I hope you have a happy new year. If you follow me on Instagram, you may know from my stories that I struggled with 2017. I was either unhappy or out of touch with myself for most if it.
I was in Seattle as the new year rang in. Under the moon light of the full moon in Cancer, I was walking from the Space Needle to downtown. I felt like I wanted to walk forever. I wished I could just keep moving and wandering. I felt unsettled.
So I began to ask myself why... Why are you so unsettled? Why does it feel so tough for you right now?
The truth was... I wasn't living purposefully. I had forgotten my why in life while I tried to get through the day. And that's why it felt so unbearable to get through the year. I wasn't being intentional in my daily choices. I was beginning to feel like things happened to me, and I was just trying my best to juggle them and get through it all.
But it doesn't have to be that way.
As I begin the new year, I want to think hard about my whys in life:
Why do I practice yoga and meditation? Why do I care to teach it? Why do I care so much about how it's taught? Why do I want yoga and meditation to be a part of my life?
During this introspective time, I will be sharing with my readers each of the yamas and niyamas - concepts on yoga ethics. It'll be topic of the week for the next 10 weeks. The yamas and niyamas are a great way to reflect on your own ways of thinking and behavior. This week, I will start with an overview of the eight limbs of yoga.

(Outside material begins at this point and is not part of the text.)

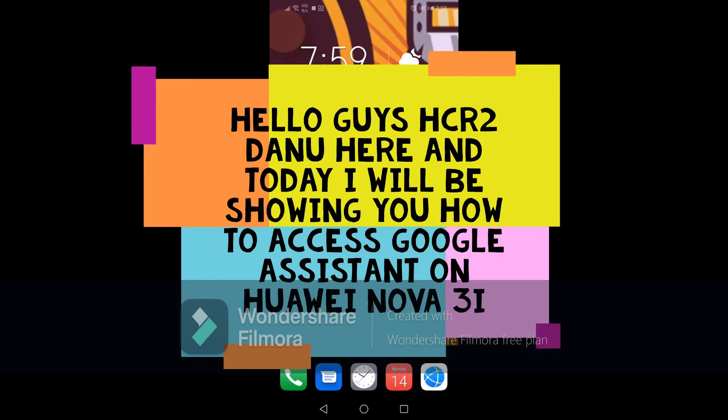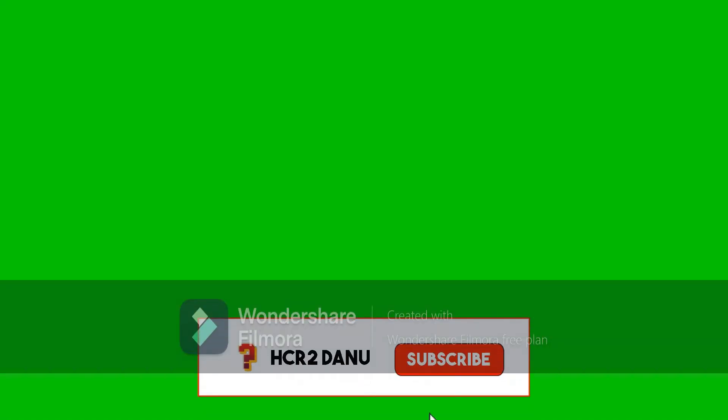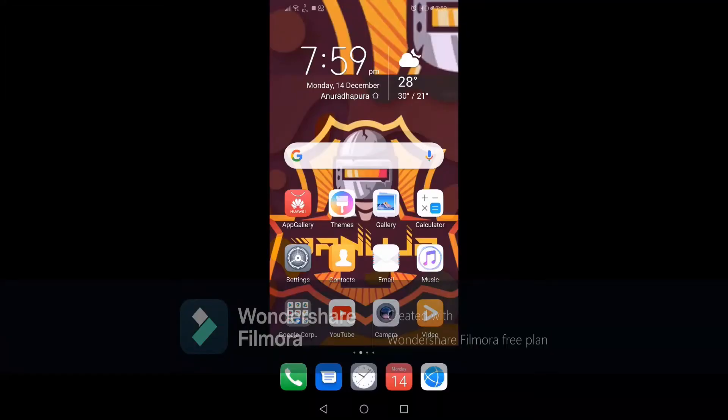Hello everyone, this is HCR2. I know most people would like to use the new Google Assistant. I can help you — first of all, press the home button for a long time to open it.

The eight limbs of yoga are described in the Yoga Sūtras of Patañjali, a text from around 400 CE. The eight limbs are a pathway toward liberation. Although the limbs can be interpreted as steps you need to take in order, they can be combined or you can practice them in an order that makes sense to you.
What the Sutras Said
Sutra 2.28: yoganganusthanad ashuddhi-ksaye jnana-diptir aviveka-khyateh
"By practicing the (eight) limbs of yoga - upon the diminishing of impurities, there is a light of knowing, up to (leading to) viveka-khyati-the identification of viveka." (The Yoga Sutras Workbook by Vyaas Houston MA)

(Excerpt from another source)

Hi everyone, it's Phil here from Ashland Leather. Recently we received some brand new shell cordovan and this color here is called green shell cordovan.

Let's talk about viveka for moment, in my yoga sutra workbook it is defined as "distinction between drastr and drysa." This refers to the distinction of being the Seer vs. the Seen, here's a text that dives into that. Simply put, viveka is when you're able to discern between the self and non-self, the real and unreal - it's being able to see clearly.
The sutra suggests that by practicing the eight limbs of yoga, we can remove the things that cloud our vision and have the truth be revealed to us. We can look toward the light, the wisdom of viveka.
Consider Plato's Allegory of the Cave. Prisoners trapped in the cave think that shadows on the wall are all there is to know, but the truth is there is a whole other world outside. When one of them breaks free, they are able to see the sun and know the difference between the cave and the real world... The eight limbs is a practice to go outside the cave.
How to Practice Living Outside the Cave
Yama: ethical restraints, or what I like to call the "don'ts"
- ahimsa: don't harm
- satya: don't lie
- asteya: don't steal
- brahmacharya: don't overindulge
- aparig raha: don't be greedy
Niyama: ethical observances, or what I like to call the "dos"
- saucha: be clean
- santosha: be content
- tapas: be committed
- svadyaya: be self-aware
- ishvara pranidhana: be in the flow with the Universe/God
Pranayama: controlled breathing techniques
Pratyahara: sense withdrawal
Samadhi: spiritual enlightenment, sense of one-ness
We are exposed to asana the most because it's the most visible part of the eight limbs and it's easier to sell. But asana is there to remind us to prepare the body for meditation. The sutras suggests we get into a posture with steadiness and ease so we can do pranayama and so on.